** Records for the exercise follows **
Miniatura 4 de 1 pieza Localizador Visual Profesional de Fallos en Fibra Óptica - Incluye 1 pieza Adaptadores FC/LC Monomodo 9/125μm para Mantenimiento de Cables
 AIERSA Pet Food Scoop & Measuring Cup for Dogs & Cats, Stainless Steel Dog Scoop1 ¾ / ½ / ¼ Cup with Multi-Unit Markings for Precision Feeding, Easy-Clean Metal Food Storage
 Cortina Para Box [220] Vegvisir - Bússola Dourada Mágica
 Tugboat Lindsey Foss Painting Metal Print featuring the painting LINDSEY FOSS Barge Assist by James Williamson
** End of Records for the exercise **
** Records for the exercise follows **
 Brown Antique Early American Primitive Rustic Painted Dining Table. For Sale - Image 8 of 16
** End of Records for the exercise **
** Records for the exercise follows **
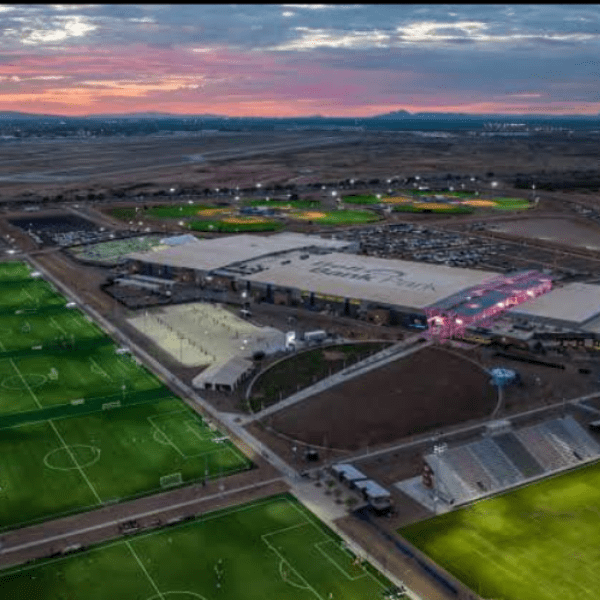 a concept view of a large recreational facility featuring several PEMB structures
** End of Records for the exercise **
== Exercise details ==
From the records above, print only the lines between the one holding "Cortina Para Box" and the one holding "Tugboat Lindsey Foss", inclusive, exactly as they stand.

== The completed task ==
 Cortina Para Box [220] Vegvisir - Bússola Dourada Mágica
 Tugboat Lindsey Foss Painting Metal Print featuring the painting LINDSEY FOSS Barge Assist by James Williamson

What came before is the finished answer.